February 25, 2014
Earlier this month, during UFCW Local 555’s Oregon Lobby Day, shop steward Sarah DeMerritt testified before the Senate Judiciary Committee in support of legislation that would ease penalties for those who unknowingly or inadvertently sell alcohol to a minor for the first time.
It is an issue she knows all too well. In June of 2013, while working as a checker at Safeway in Lake Oswego, Oregon, she sold a six-pack of beer to someone she believed was of legal drinking age. But instead the customer was part of an Oregon Liquor Control Commission sting. A police officer interviewed and cited DeMerritt in her check stand as customers looked on.
“It was very humiliating,” she said. Despite having twelve and half years on the job and no previous offenses, DeMerritt was fired and charged with a Class A Misdemeanor. “Why would I risk my health benefits, my job, my seniority, my life?” she told the committee. “I thought the customer looked old enough to purchase alcohol and was a familiar neighbor that I had carded and sold to in the past.”

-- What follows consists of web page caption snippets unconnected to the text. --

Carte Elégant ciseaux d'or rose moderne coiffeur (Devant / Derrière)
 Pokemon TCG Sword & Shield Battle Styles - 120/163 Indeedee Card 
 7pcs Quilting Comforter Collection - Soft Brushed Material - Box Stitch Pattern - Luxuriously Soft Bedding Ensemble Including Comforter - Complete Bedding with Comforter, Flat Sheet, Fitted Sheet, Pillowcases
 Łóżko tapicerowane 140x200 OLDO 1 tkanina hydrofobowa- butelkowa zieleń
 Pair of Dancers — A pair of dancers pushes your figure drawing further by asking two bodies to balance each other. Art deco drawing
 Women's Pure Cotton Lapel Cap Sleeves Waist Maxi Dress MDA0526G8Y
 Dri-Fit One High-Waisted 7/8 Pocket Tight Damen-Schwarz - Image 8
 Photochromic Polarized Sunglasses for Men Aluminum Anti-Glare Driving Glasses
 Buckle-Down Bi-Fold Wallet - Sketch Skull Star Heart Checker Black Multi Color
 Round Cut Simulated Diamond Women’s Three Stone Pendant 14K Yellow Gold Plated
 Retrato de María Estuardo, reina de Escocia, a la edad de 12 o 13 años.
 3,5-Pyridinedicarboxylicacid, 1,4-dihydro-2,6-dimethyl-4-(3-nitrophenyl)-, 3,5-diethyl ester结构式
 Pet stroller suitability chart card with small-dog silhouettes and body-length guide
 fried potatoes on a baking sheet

DeMerritt, who now works at Haggen, stressed that she takes her responsibility to keep alcohol out of the hands of minors very seriously and had passed all previous stings. Senate Bill 1546 would make penalties for first-time offenders more proportional.
Yesterday the Oregon House passed this legislation, joining the Senate in giving it overwhelming support. Oregon Governor John Kitzhaber said he will sign it into law.
“I do not want other employees to have this experience,” DeMerritt said. “I do not want them to have to fight so hard.” By having the courage to share her story, DeMerritt is helping make the system fairer for all grocery workers in Oregon.